There’s a few nice people in DC, don’t get me wrong. It’s just most of them are rapists, kidding, not funny. Lobbying group of, yeah, so we know what it means. The breadth is any lobbying group can use it and the depth is one of them should pay good money.

Mike Mann:

So this is another great example of a good domain name could have potentially been bought for cheap. I don’t know the buy price. I should actually get that information, the buy price and the traffic before I appraise it.

Mike Mann:

So I have a better context for what’s going on. But in any event, it’s a name that could have been purchased cheap and names like it today can be purchased cheap. This is the key message.
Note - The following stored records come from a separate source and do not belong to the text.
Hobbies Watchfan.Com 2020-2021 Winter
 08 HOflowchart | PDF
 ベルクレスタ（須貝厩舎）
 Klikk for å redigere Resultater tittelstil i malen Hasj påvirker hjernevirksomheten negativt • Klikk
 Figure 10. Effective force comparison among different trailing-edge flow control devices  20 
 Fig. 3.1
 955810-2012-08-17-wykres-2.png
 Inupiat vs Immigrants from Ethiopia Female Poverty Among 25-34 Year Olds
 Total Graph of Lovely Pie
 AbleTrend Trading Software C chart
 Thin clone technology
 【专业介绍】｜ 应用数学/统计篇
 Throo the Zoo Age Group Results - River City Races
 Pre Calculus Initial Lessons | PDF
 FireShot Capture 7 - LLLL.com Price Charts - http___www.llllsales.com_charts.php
The takeaway is you could buy thousands of domains as good as this today for a hundred bucks each, let’s say, for example, on average.

Mike Mann:

Now this and this, again, as good as this, but what’s this one worth is the issue. This one’s worth 5 ,000 bucks. So again, you could probably buy an unlimited number as good as this for a hundred bucks that are actually worth 5 ,000 bucks.

Mike Mann:

The issue is you can’t, it’s worth 5 ,000 bucks, but there’s no liquid market for domain names. So when you sell it, you could probably sell it for 5 ,000 bucks, but you might not be able to sell it at all and you might have to wait endless years, which is why you have to run yourself some analysis to guesstimate what percentage of your collection you’ll be able to sell each year at what price and whether you have other ancillary revenues from like parking traffic or leasing domains or selling email addresses, whatever it may be.

Mike Mann:

So what I’d like to say is you guys are awesome and I really appreciate you. Thank you so much for coming on my live stream and spending time with me today. Hope you’ll come back all the time. This broadcast is gonna be saved on YouTube.

Mike Mann:

You can check it out and share it and look forward to seeing you guys again soon. Peace be with you. Have a Merry Christmas and happy new year. Stay out of trouble.